[Edited] Question: How does the code in the example Option 2 (bottom of page) match an input string with whitespace chars., without explicitly defining the whitespace chars in the regex (I assume it must be doing so somehow, or else it would not find a match, and produce the correct output - I just don't know what it is)
Program Structure: Given an input string of HTML text (per examples A & B below) extract the Youtube URL from the embedded HTML text, and then print the url in the specified format.
These are the 2 HTML input strings used to test the function parse(s):
Ex. A:
<iframe src="https://www.youtube.com/embed/xvFZjo5PgG0"></iframe>
Ex. B:
<iframe width="560" height="315" src="https://www.youtube.com/embed/xvFZjo5PgG0" title="YouTube video player" frameborder="0" allow="accelerometer; autoplay; clipboard-write; encrypted-media; gyroscope; picture-in-picture" allowfullscreen></iframe>
The URL's found within these HTML strings (above) can be in any of the 3 formats below, whereby the regex should be able to optionally match either: "http://", "https://" or "https://www"
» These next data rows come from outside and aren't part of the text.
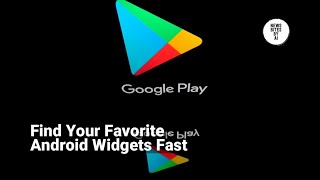 Google Play Update Simplifies App Widget Discovery for Android Users screenshot 2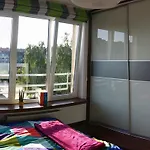 Apartament Appartement Słupsk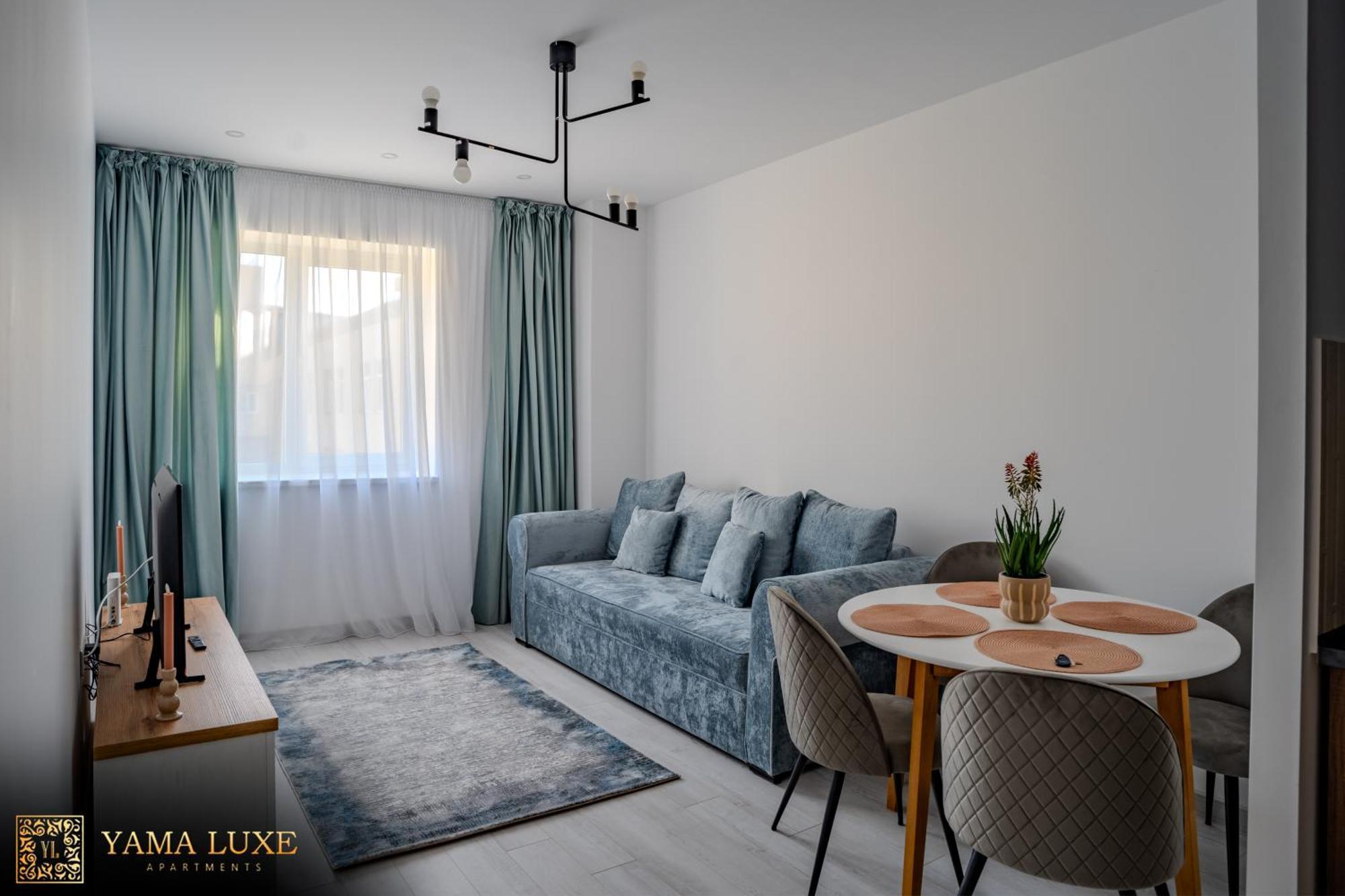 Yamaluxe Apartments - Bucuresti Extérieur photo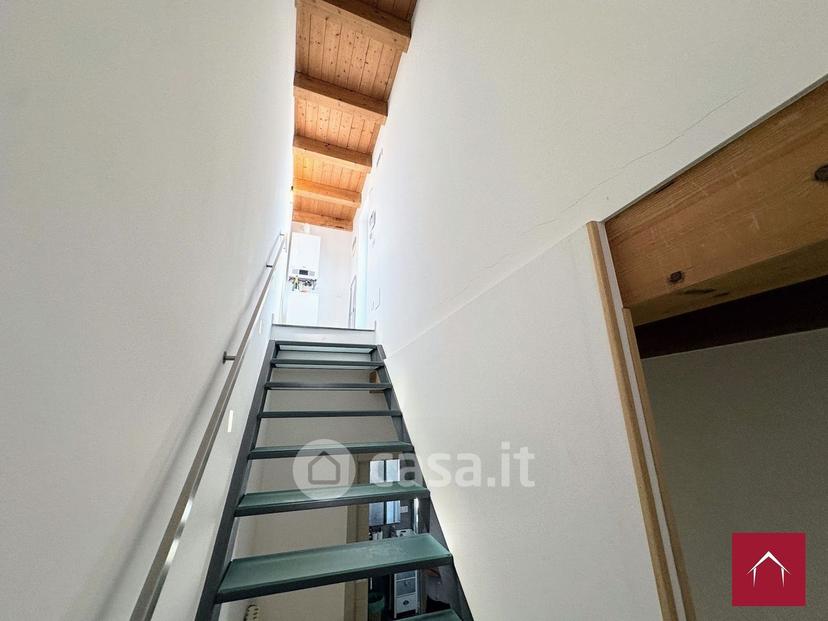 Bilocale in Via Giovenale 24 — foto 7 di 32
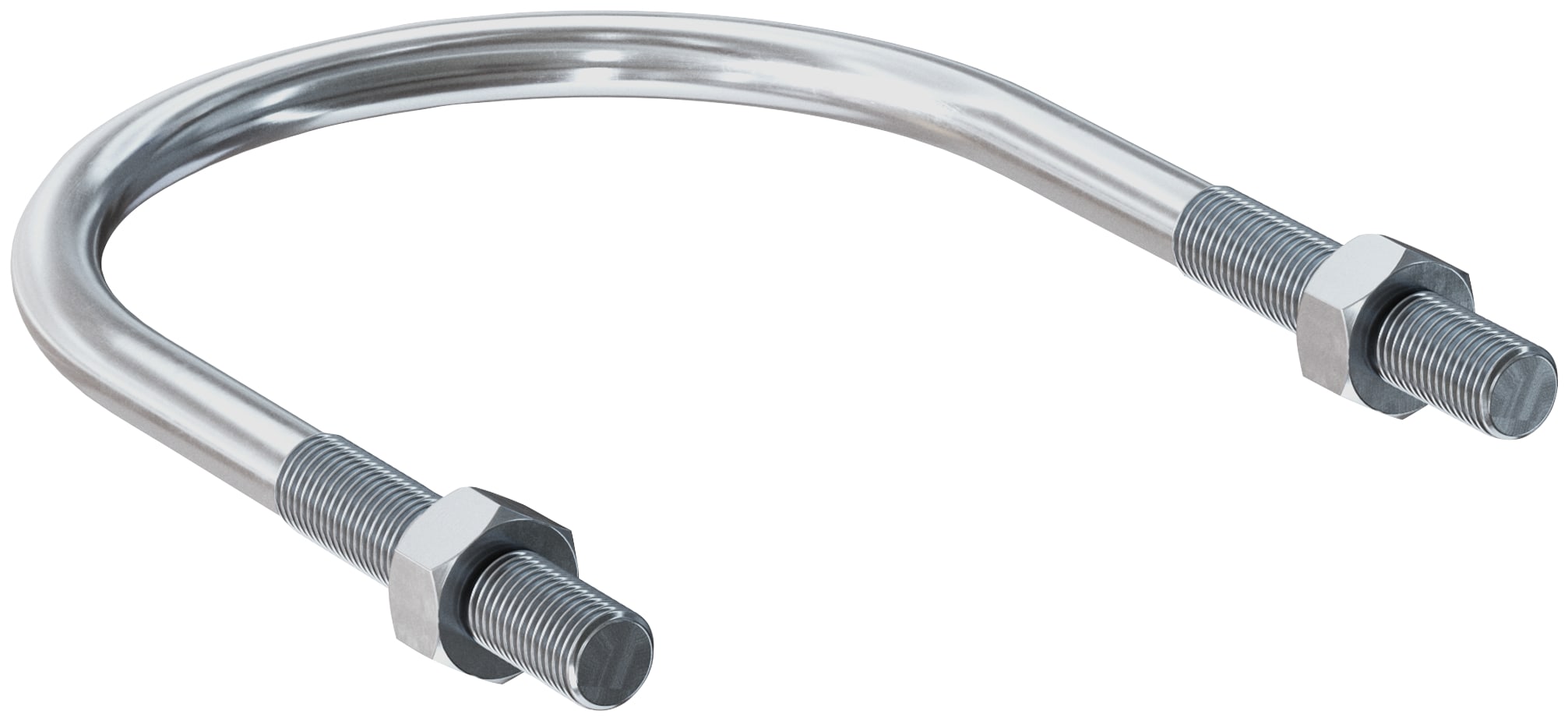 FISCHER - ETR 90X102 (3 1/2)COLLARE 'U'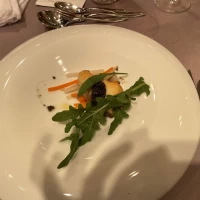料理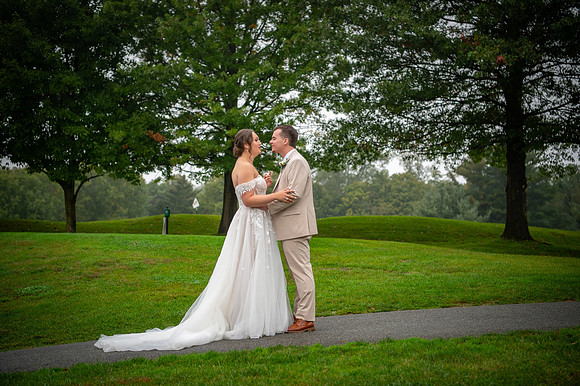 Kaitlynn and Dan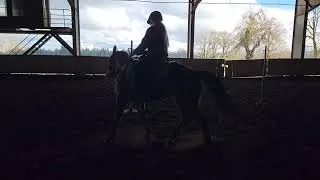 Thumbnail: Diamond, warming up and new drills
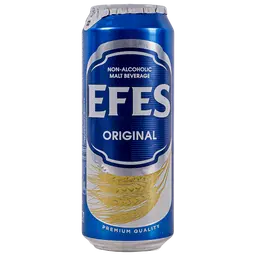 Efes Malt Beverage Classic 500 ml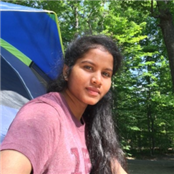 Roselina Quadros - GAMBASSA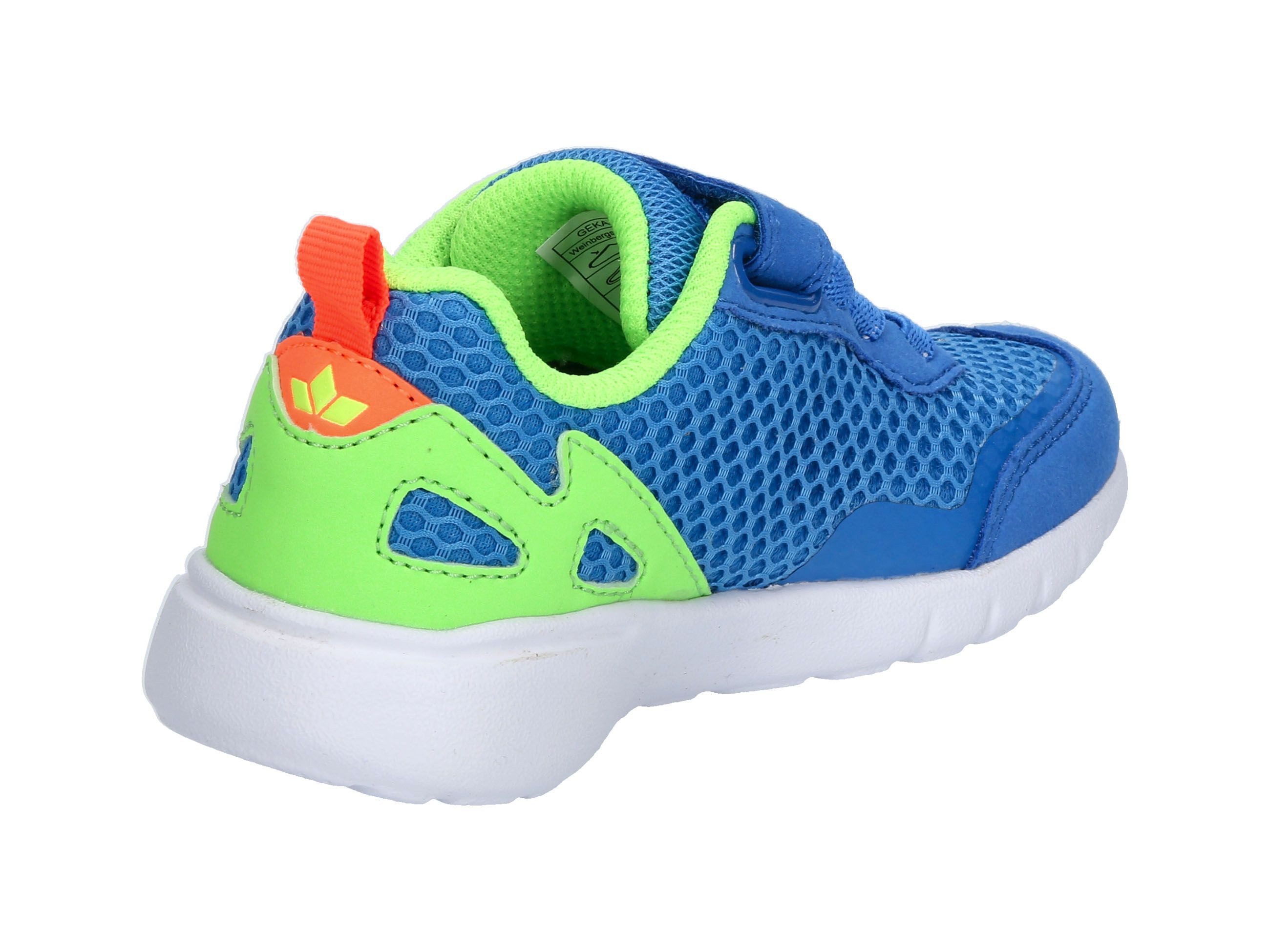 Lico Freizeitschuh Taro VS Klettschuh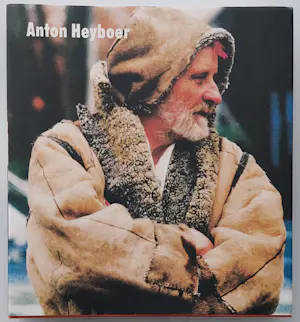 Anton Heyboer - Anton Heyboer kopen? Bied vanaf 1!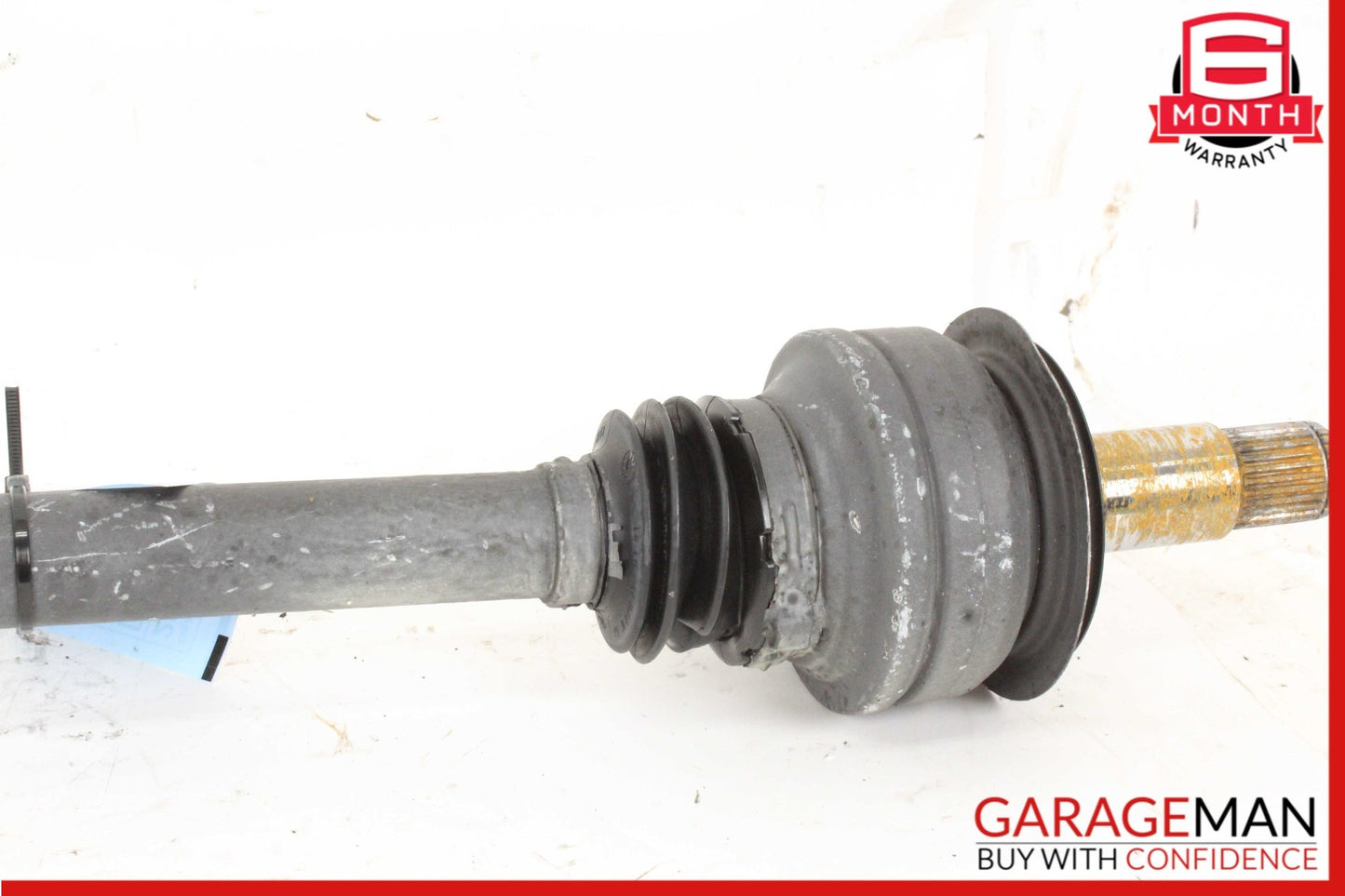 2015-2021 Mercedes-Benz C300 CDI Rear Right or Left Side CV Half Shaft Axle OEM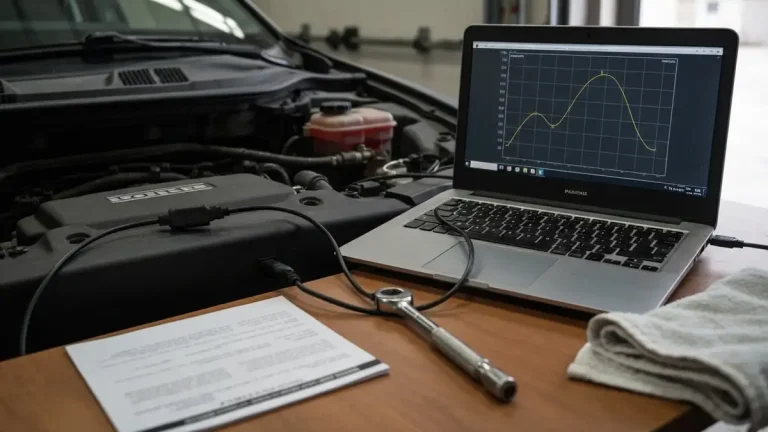 Silnik 1.9 TDI BXE - awarie, trwałość, opinie kierowców - hero image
http://youtube.com/embed/xvFZjo5PgG0
https://youtube.com/embed/xvFZjo5PgG0
https://www.youtube.com/embed/xvFZjo5PgG0
Both input strings (Ex.A & Ex.B) should produce the following output when passed to parse(s):
https://youtu.be/xvFZjo5PgG0
Option 1: Per below, this solution code correctly returns the expected output when passing the specified input strings to parse(s). Further, in order to handle whitespace in the HTML input string, this solution uses the str.replace( ) function to clean the input directly, by replacing all "whitespace" chars such as the space in between "<iframe src".... Therefore, I do not define the whitespace chars in the regex, because they've cleaned from the input.
import re
def main():
print(parse(input("HTML: ").replace(" ","")))
def parse(s):
if matches := re.search(r"^(?:<iframe[=\w\"]*src=)?\"(?:https?://)(?:www\.)?youtube\.com/embed/(\w*)\"(?:[\w=\";-]*></iframe>)?$", s):
id = matches.group(1)
url = f"https://youtu.be/{id}"
return url
if __name__ == "__main__":
main()
Option 2: This solution also produces the correct output when passing the input string (Ex. A or Ex. B above) to parse(s). However, in this solution there is no explicit handling of whitespace chars either by cleaning the input string (as in Option 1), or explicitly defining whitespace chars in the regex. Yet, it must be doing so somehow, as it still correctly matches the string, which has whitespace chars.
import re
def main():
print(parse(input("HTML: ")))
def parse(s):
if matches := re.search(r"(?:<iframe[=\w\"]*src=)?\"(?:https?://)(?:www\.)?youtube\.com/embed/(\w*)\"([\w=\";-]*></iframe>)?", s):
id = matches.group(1)
url = f"https://youtu.be/{id}"
return url
if __name__ == "__main__":
main()
In summary, once more, how does Option 2 (above) find a match (when passed either string Ex. A or Ex. B) and produce the correct output, considering there is no explicit handling of whitespace chars?